I'm far from an expert, but it seems like a reasonable argument to advance that the linkage of Buddhist practices with corporate and material advancement--and the removal of spiritual or ethical content--is "appropriation", and not merely respectful mixing.



"Jazz drew from ragtime, also “coded” Black, but ragtime drew from marches, drawn in great measure from white men John Philip Sousa and (eep) Wagner."[1]

In your view, is this appropriation or cultural mixing or exchange?

[1]: https://freddiedeboer.substack.com/p/theres-no-alternative-t...


I wasn't claiming to be the authority on what's "appropriation." I was pointing out that the poster--who admitted he didn't read the article past the subheadline[1]--doesn't seem to understand how people use the term "appropriation."

That said, since you asked, no, it's never occurred to me that jazz is appropriation.

[1] Amusingly, the folks who admit to not actually, you know, reading the thing they are debating, are the ones who claim to be defending the free exchange of ideas. I think. Or maybe they're just angry online.


The exact same thing can be said about anything. Judaism appropriated pre existing ideas and disrespected them by insisting on a single god. Christianity appropriated judaism and disrespected it by removing covenant practices such as circumcision and adding new ideas such as the kingdom of heaven being available to anyone not just “the chosen people”. Islam appropriated christianity and disrespected it by demoting Jesus from the son of god to a mere prophet.

This is how ideas work. And it’s not just religion. Think of left wing thought. The original communist ideology was revolutionary. Social democrats appropriated ideas from them but believe working within the system. Many hard left people despise social democrats and believe they do more harm than good.


Islam is Christianity that goes “back to the roots” X Buddhism from Afghanistan/Eastern Persia (including the pilgrimage and washing ritual). Trinitarianism is only one branch of Christianity and not the main one. It was delicately made into the main one much later.


The prayer style probably owes a lot to Syrian Christian monks or Manichaeans


The original communist ideology wasn't original at all. The roots go back at least to the time of the Gracchi in Rome.

It's clear hardly anyone commenting here has any idea what appropriation really is. It's not just disrespecting existing cultures.

It's destroying them by removing the meaning from them. And then repackaging the symbols - usually with a vague implication of profundity and exoticism - as a marketable commodity.

The purpose isn't to spread the original culture but to use the trappings to promote the usual Western corporate neoliberal value system.

Corporate Buddhism is a perfect example. It's clearly a lot more corporate than Buddhist. The goal isn't enlightenment, detachment, or compassion, it's cultural conformity with the aim of increased productivity and a higher share price.
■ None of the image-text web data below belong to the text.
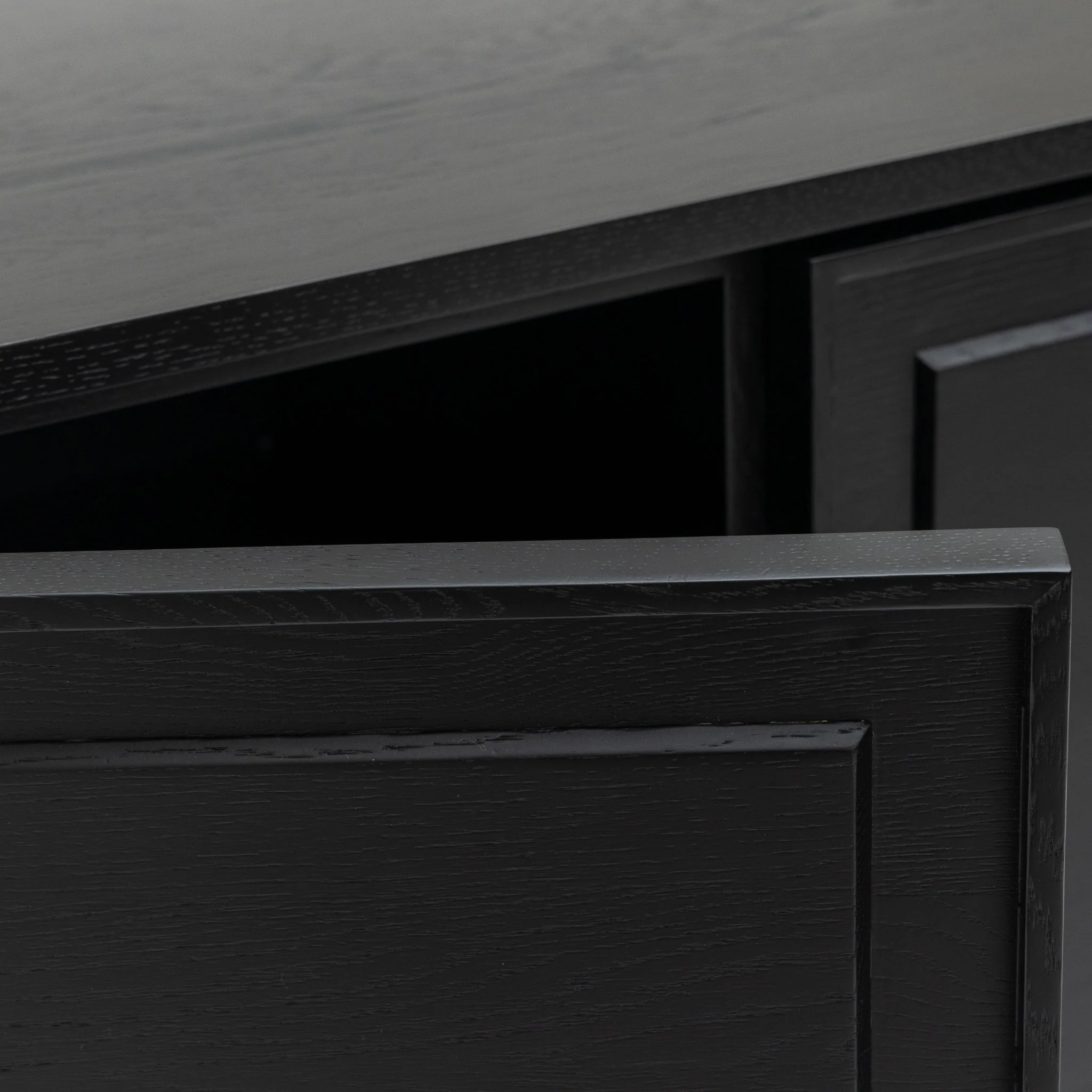 Yorke Highboard - Black Oak - Image 43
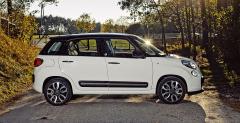Fiat 500L - pierwsza jazda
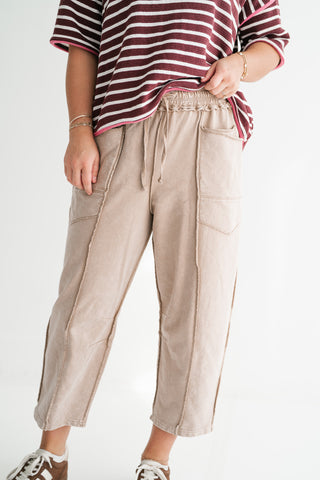 Daily Drift Barrel Mineral Wash Pants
This shouldn't be controversial. All you need to do is look at how people behave to see what motivates them.


> It's destroying them by removing the meaning from them. And then repackaging the symbols - usually with a vague implication of profundity and exoticism - as a marketable commodity.

Sort of like the monarchies of Europe have been turned into republics in all but name, the culture of “divine right of kings” destroyed but the trappings of monarchy are still used but devoid of meaning. And often used as marketing material.

But, surely you don’t yearn for the return of absolute monarchies ruled by gods appointed ruler, do you?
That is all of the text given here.